When copying the listing below, skip every picture and repeat exactly the lines from the first one through the line that contains "5BDR villas beautiful".

- **Given records**:
* * * * * * * * *

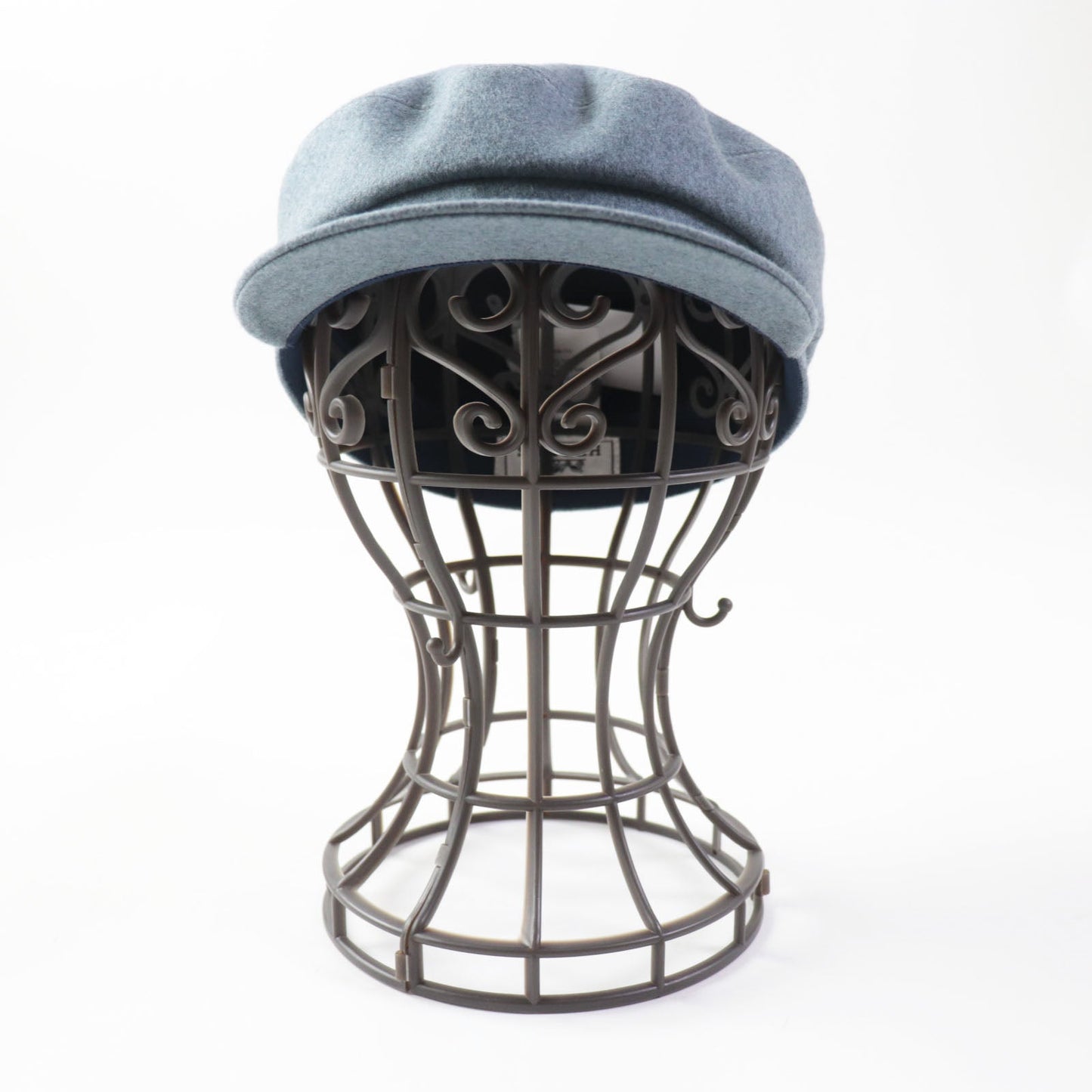 HERMES Casquette Outer: 100% cashmere, Lining: 65% viscose (rayon), Lining: 35% silk, Lining trim: 56% cotton, 44% viscose Lining decoration: 100% polyester blue Dauville Women 57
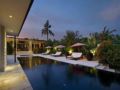 5BDR villas beautiful garden view in Canggu ホテル詳細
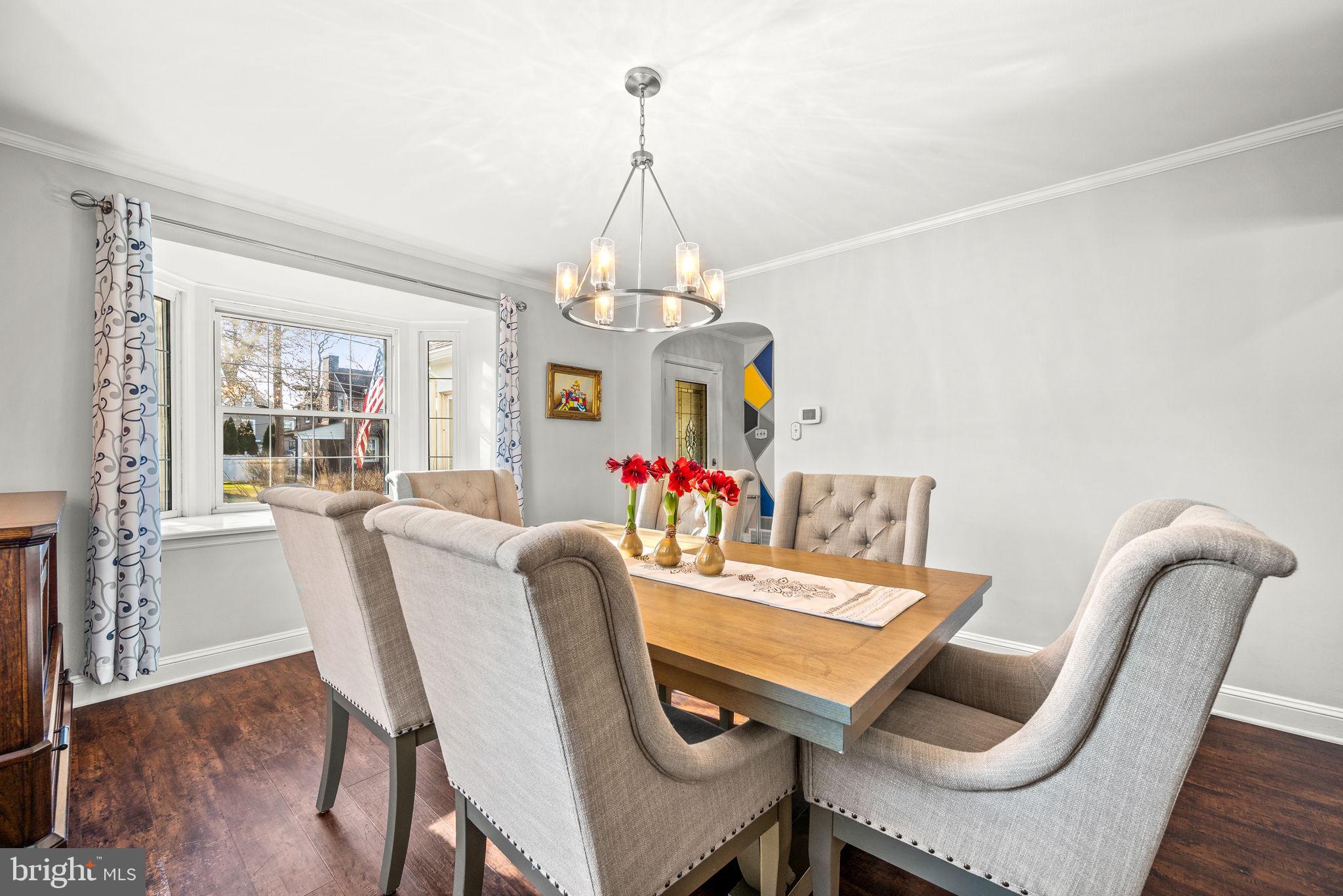 221 Brock Road Springfield, PA 19064 - Photo 10 of 33 BAY WINDOW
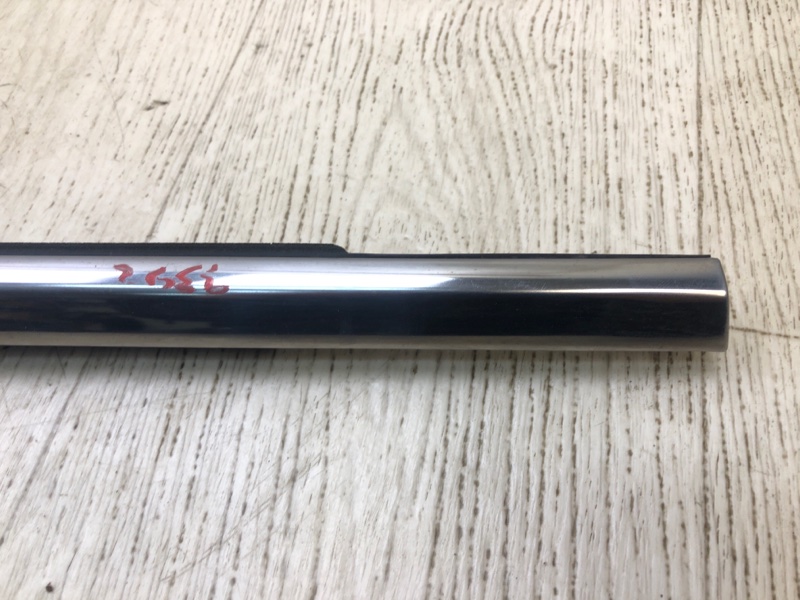 Молдинг двери задний правый 200 14-16 2015 UF 2.4 ED6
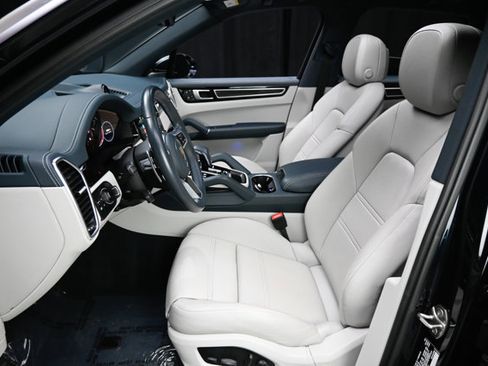 Used 2022 Porsche Cayenne S image 47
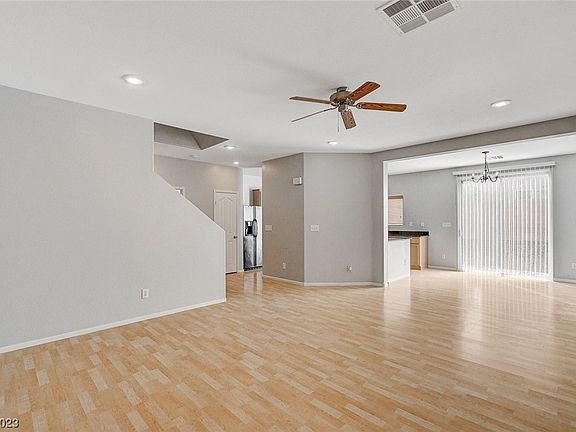 2nd image of 39 Harbor Pines Ct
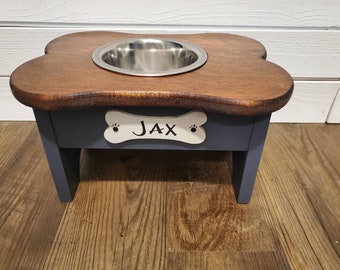 Personalized wooden Medium single dog feeder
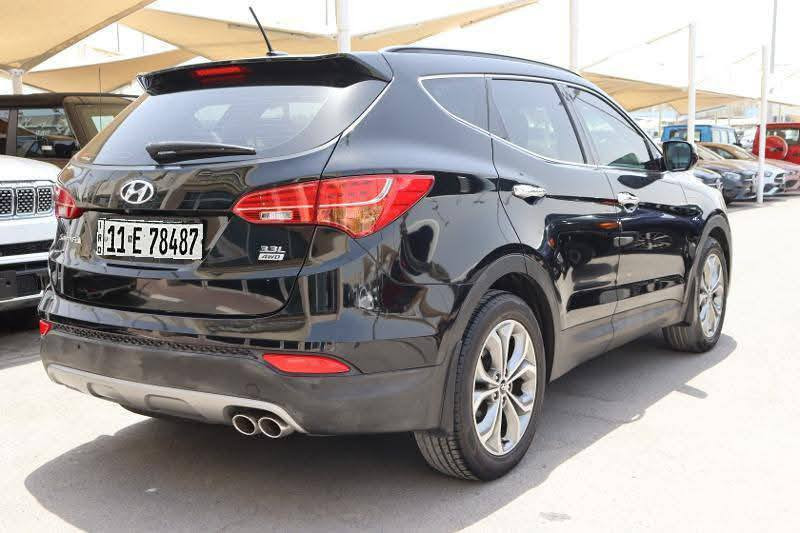 سنتافيا ٢٠١٣ خليجي مواصفات كويتي أبأسمي رقم أنكليزي أعلى فئة ٦ سلندر ٧ راكب بانوراما بصمة كشنات جلد تحكمات استيرن مري شفط محرك مكفول وكير هستوني شادة حاوية يعني جديد بجم كبس بدون ايرباك بدون دواخل حادثها فقط ٤ قطع صبغ أثر شخوط وجراد والسونار موجود بالصور امانة الله جديدة للبيع  *********** السعر ١٤٨ أو امراوس حسب القناعة
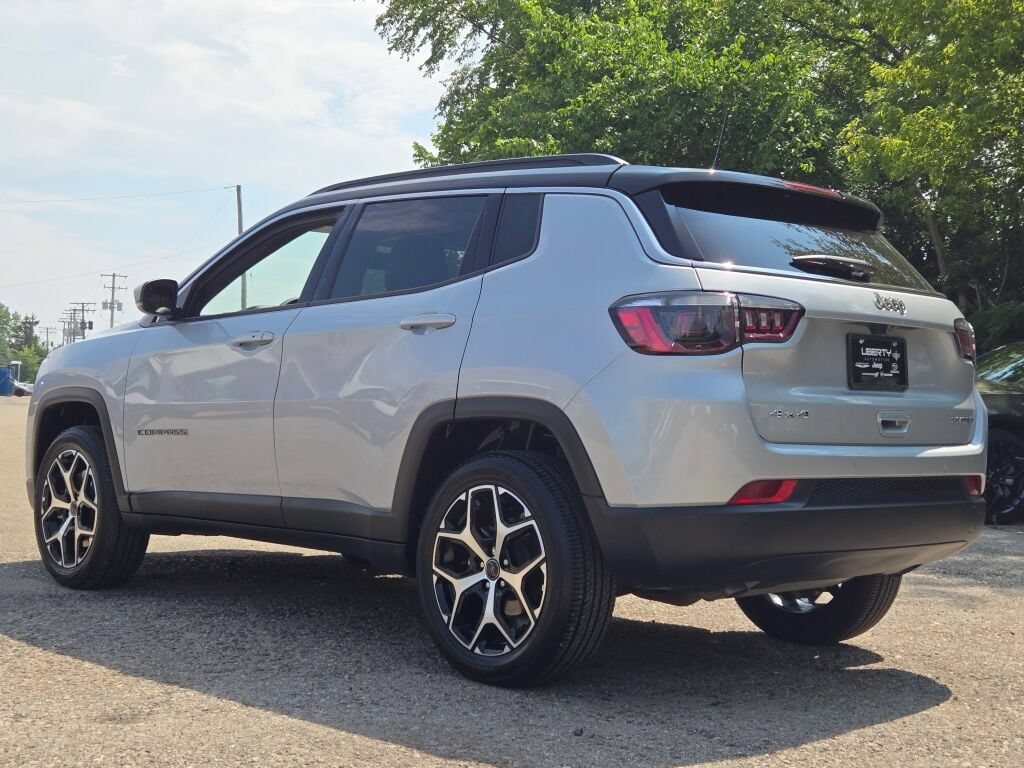 New 2026 Jeep Compass Limited AWD/4WD image 15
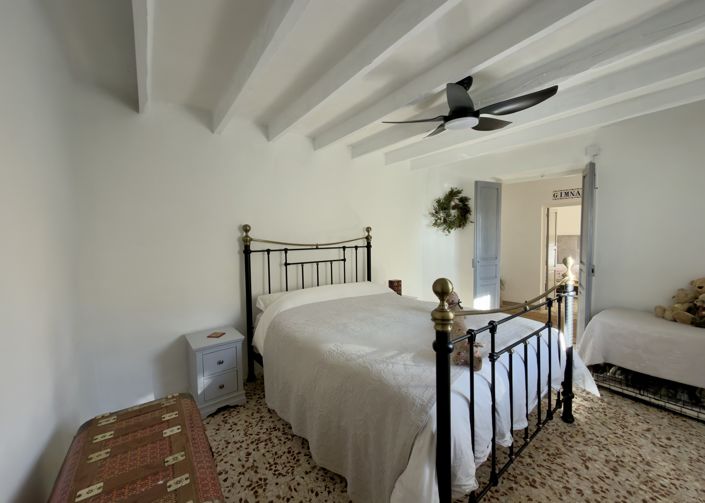 Image No.7-5 Bed Country House for sale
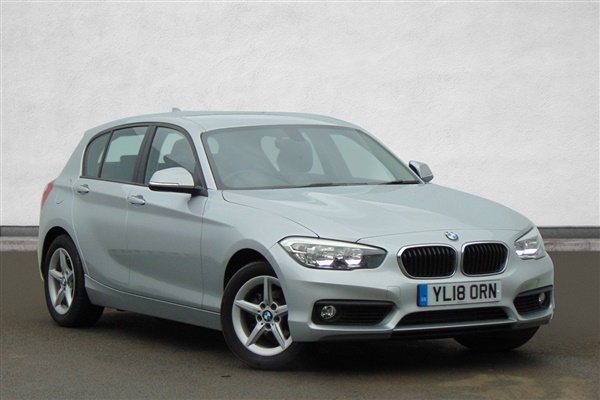 BMW 1 Series 118d SE 5dr [Nav/Servotronic]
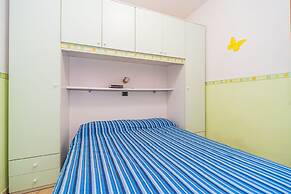 Apartment in Villa 2 to 4 Persons With Large Garden 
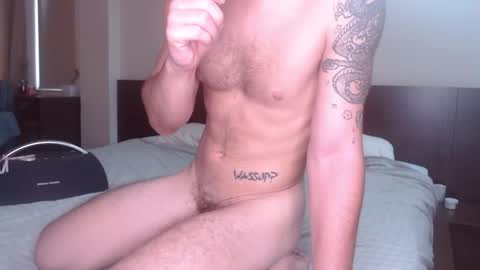 Snapshot of steveoceanbeanhuge chatting on November 2, 12:46 am Alex online show from November 2, 12:46 am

* * * * * * * * *

- **Response area**:
 HERMES Casquette Outer: 100% cashmere, Lining: 65% viscose (rayon), Lining: 35% silk, Lining trim: 56% cotton, 44% viscose Lining decoration: 100% polyester blue Dauville Women 57
 5BDR villas beautiful garden view in Canggu ホテル詳細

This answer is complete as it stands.